▶ _WORK INSTRUCTIONS_
Skip the pictures, please, and write out exactly the lines from the opening of the data through the line containing "Modern Velvet Bar".

▶ _DATA_
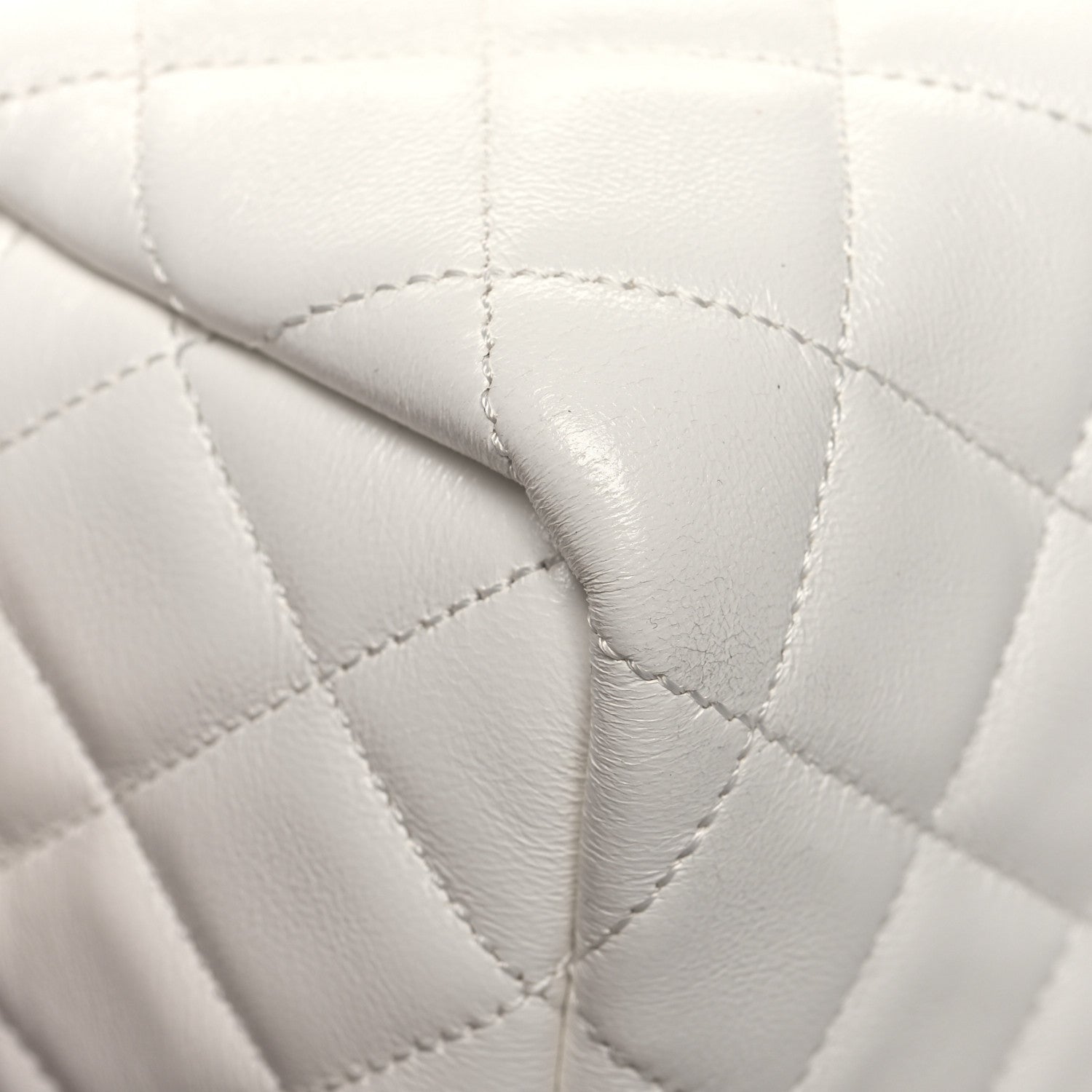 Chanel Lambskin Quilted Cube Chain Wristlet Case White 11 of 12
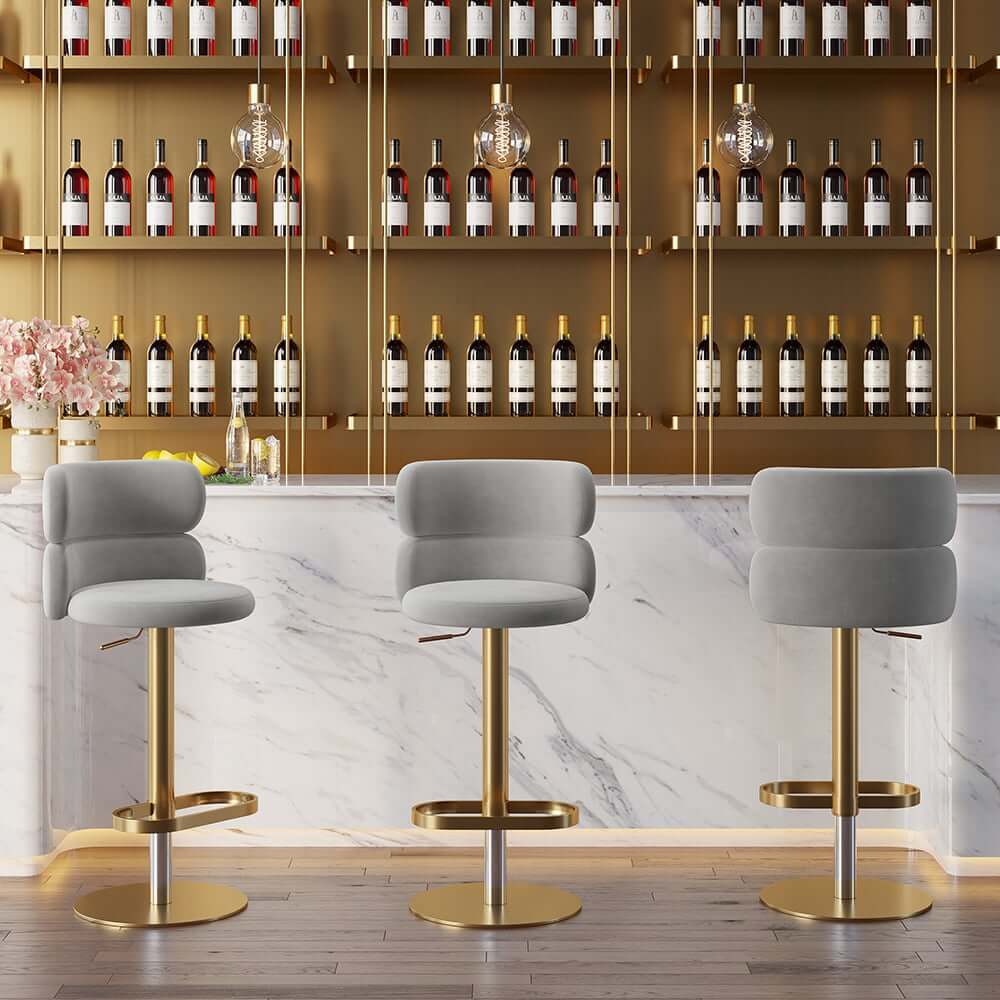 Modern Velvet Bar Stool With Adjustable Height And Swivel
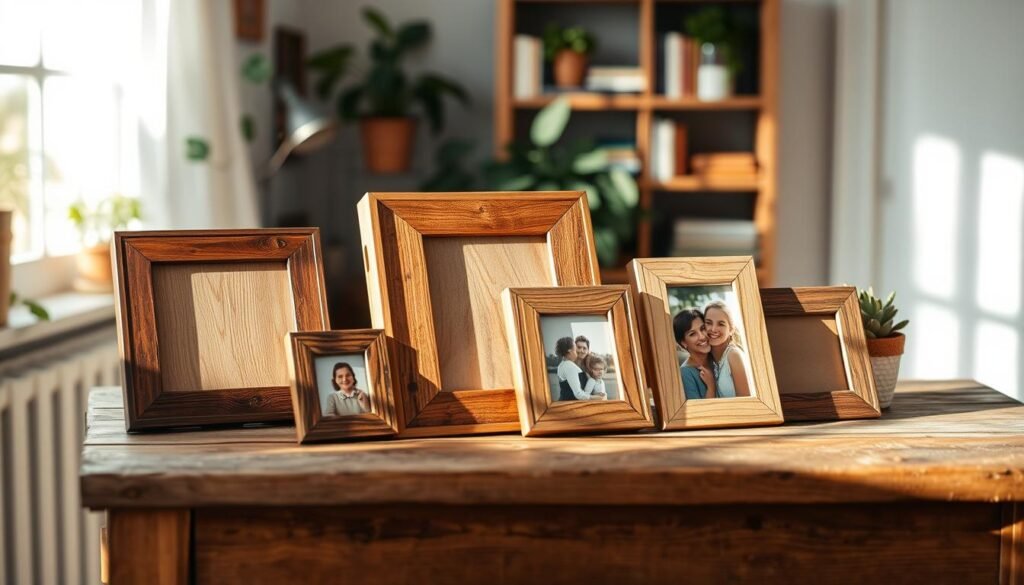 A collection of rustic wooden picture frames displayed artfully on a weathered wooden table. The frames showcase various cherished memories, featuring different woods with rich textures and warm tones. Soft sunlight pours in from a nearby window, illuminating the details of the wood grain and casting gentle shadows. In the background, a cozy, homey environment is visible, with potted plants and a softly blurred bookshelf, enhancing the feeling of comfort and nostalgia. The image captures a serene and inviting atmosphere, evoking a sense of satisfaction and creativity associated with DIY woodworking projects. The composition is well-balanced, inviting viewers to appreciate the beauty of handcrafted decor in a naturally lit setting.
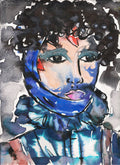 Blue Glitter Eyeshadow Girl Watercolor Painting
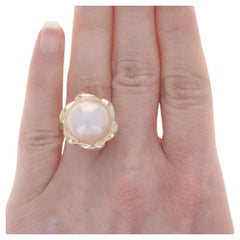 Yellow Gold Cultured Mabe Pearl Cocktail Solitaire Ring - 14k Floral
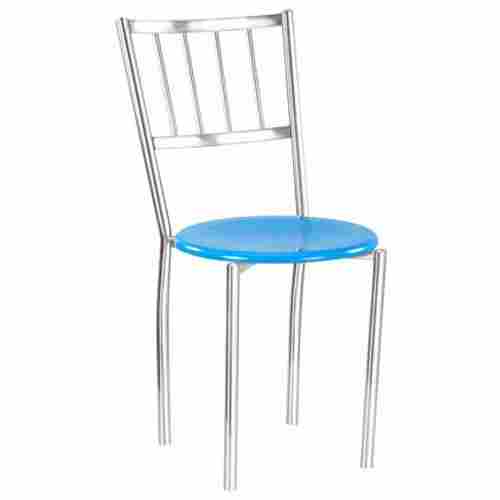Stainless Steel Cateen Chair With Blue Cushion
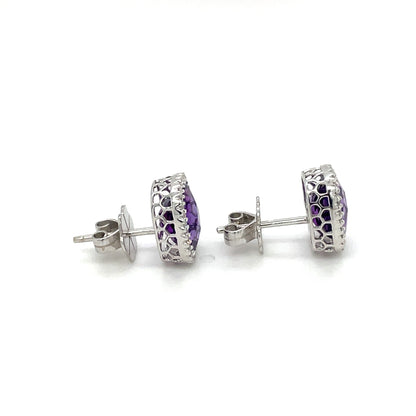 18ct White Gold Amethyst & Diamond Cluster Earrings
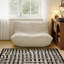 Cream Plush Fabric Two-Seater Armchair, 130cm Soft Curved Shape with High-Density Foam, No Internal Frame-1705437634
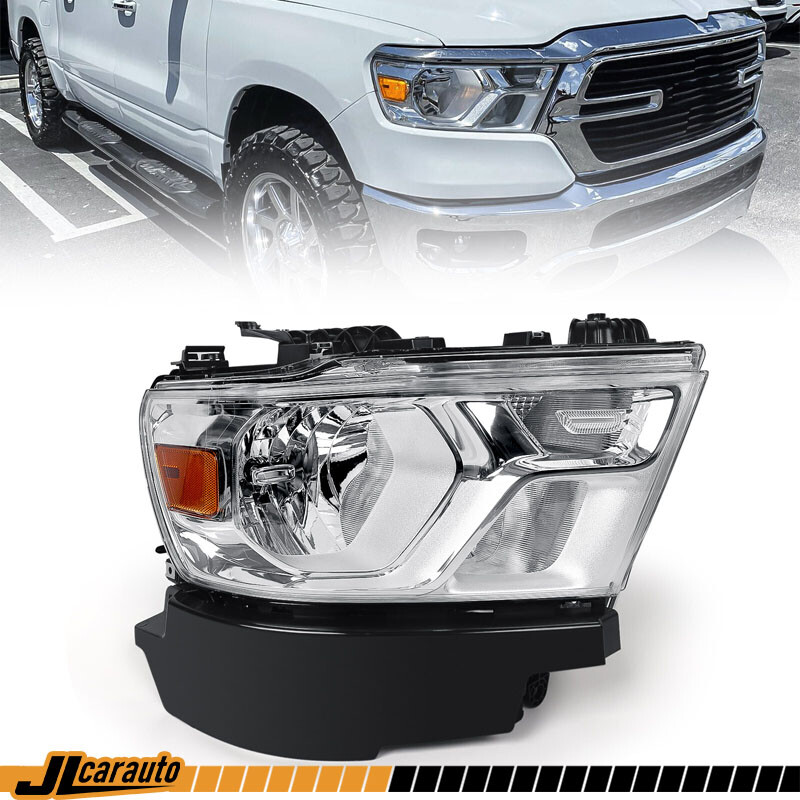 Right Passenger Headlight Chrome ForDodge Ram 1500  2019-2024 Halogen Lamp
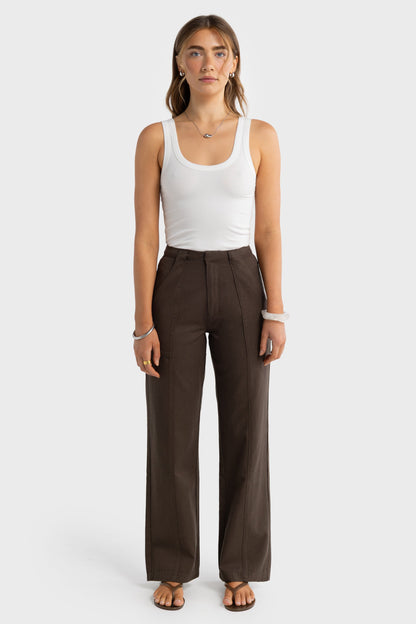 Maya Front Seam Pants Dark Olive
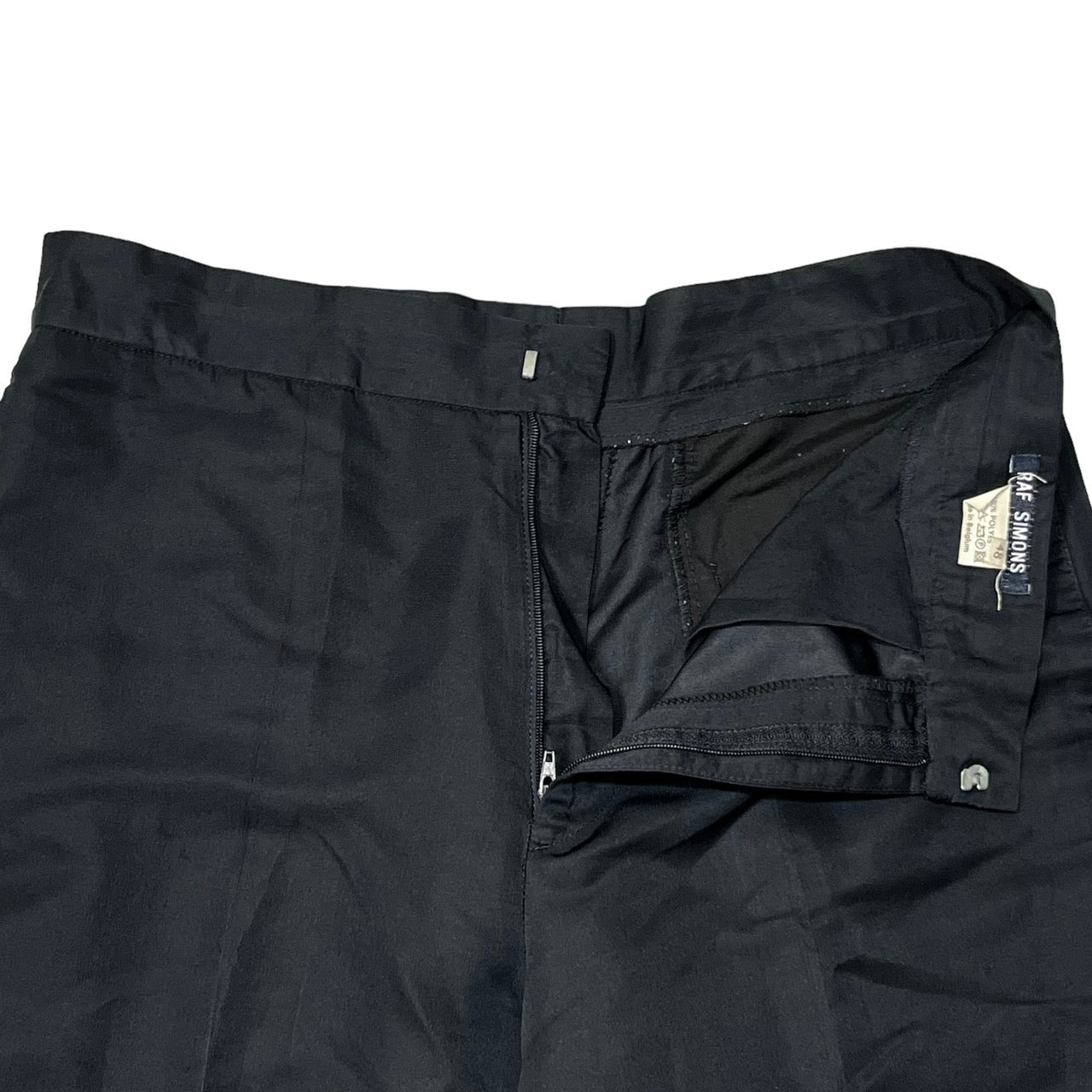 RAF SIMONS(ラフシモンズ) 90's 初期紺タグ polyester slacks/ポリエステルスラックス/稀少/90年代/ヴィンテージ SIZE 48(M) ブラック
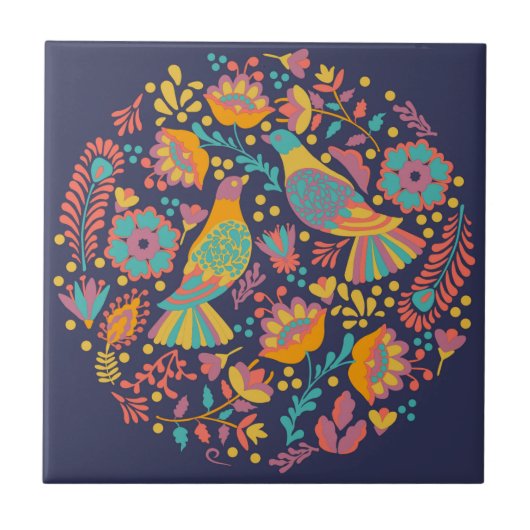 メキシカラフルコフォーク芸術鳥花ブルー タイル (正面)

▶ _EXPECTED ANSWER_
 Chanel Lambskin Quilted Cube Chain Wristlet Case White 11 of 12
 Modern Velvet Bar Stool With Adjustable Height And Swivel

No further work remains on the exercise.